En la ilustración, el tema me permitió experimentar con otros elementos además del dibujo, el desorden no está solamente en los objetos sino en la mezcla de estilos: fotografía, técnica digital, técnica manual, acuarela o lápiz. También fue importante considerar el manejo del espacio, el orden frente al desorden, el espacio en blanco frente al espacio lleno, la ausencia de color frente al desborde de color. En ilustración todo significa: la técnica que se elige usar, la disposición del espacio o el manejo del color.

–¿En qué proyectos literarios anda Gabriel Mamani Magne?

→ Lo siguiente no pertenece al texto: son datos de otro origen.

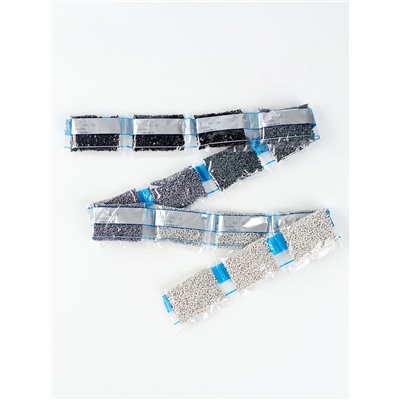 Алмазная мозаика по фото, на раме 30×40, полное заполнение, Gray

– GMM: Hace poco terminé de escribir una pieza teatral que tendrá intervención musical de la Sociedad Boliviana de Cámara. Es una adaptación de la Historia del soldado, escrita por Ramuz y musicalizada por Stravinski. El texto está en portugués y se desarrolla en un contexto migratorio. La obra se presenta junio en Sao Paulo. Al mismo tiempo edito un libro de cuentos y escribo una nueva novela. He estado leyendo mucha poesía. Ahorita, al lado de mi computadora, están Donde hay agua de la venezolana Cristina Gutiérrez Leal y “Vendedoras de humo” de Esperanza Yujra.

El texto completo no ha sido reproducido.